In China, where the People’s Liberation Army has played a central role in the development of vaccines, Foreign Ministry spokeswoman Hua Chunying said Wednesday that Beijing supported the aims of Covax and would coordinate with it. But she stopped short of making a commitment to the project.

It’s worth considering why vaccine nationalism seems to be winning. Cooperative, international efforts are not famous for finding speedy solutions. Some countries probably reason that they could join Covax later if it succeeds.

And if a country develops a working vaccine domestically or preemptively buys up millions of doses, it gets first access. For some wealthy nations, the benefits outweigh the risks or moral problems.

The United States has already invested $10 billion in candidate vaccines, according to Health and Human Services Secretary Alex Azar, a relative bargain compared to the trillions of dollars spent on financial bailouts so far, and one with the potential to affect the dynamics of the upcoming presidential election.

If a country can develop a vaccine, it also has the opportunity to distribute it. For China, the initial epicenter of the pandemic, it would be a chance to restore global standing. The same could be argued for Russia and the United States, both run by leaders who are unpopular globally.

Some nations may struggle to navigate this rocky geopolitical terrain. Mexico, for example, is pushing ahead with a plan to not only cooperate with the Covax program, but to ally itself with programs in foreign nations from Cuba to France, Deputy Foreign Minister Martha Delgado told Reuters.

By some reckonings, the vaccine rivalry is healthy, perhaps even ideal. “Competition between nations has, historically, often driven innovation.

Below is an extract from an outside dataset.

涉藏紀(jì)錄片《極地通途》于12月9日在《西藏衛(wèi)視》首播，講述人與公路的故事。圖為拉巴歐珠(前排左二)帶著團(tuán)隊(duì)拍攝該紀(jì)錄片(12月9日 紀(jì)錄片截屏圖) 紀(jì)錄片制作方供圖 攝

That was certainly true of the Cold War space race. Or the scientific breakthroughs — from radar to rockets — of World War II,” Matthew Lynn wrote for the Spectator this week.

Most who study vaccines do not share this view. The space race may have led to “one giant leap for mankind” on the Moon, but few forget that the astronaut who took the step was American. It’s not hard to see how poorer nations could be left behind in the vaccine race, too.

The supply problems have only begun. “Vaccine supply chains contain some unusual links, including horseshoe crab blood, shark liver oil and an enzyme that’s one of the world’s most expensive products,” economists Scott Duke Kominers and Alex Tabarrok wrote for Bloomberg last month. “Other links rely on novel manufacturing processes that have not yet been implemented at scale.”

Immunization programs have a mixed success rate. Smallpox was eradicated with the help of a successful vaccine, but polio and measles still linger despite working vaccines. The huge number of cases globally and the “novel” nature of the coronavirus would complicate eradication efforts. Rushed, potentially faulty vaccines would have the potential to strengthen anti-vaccination movements.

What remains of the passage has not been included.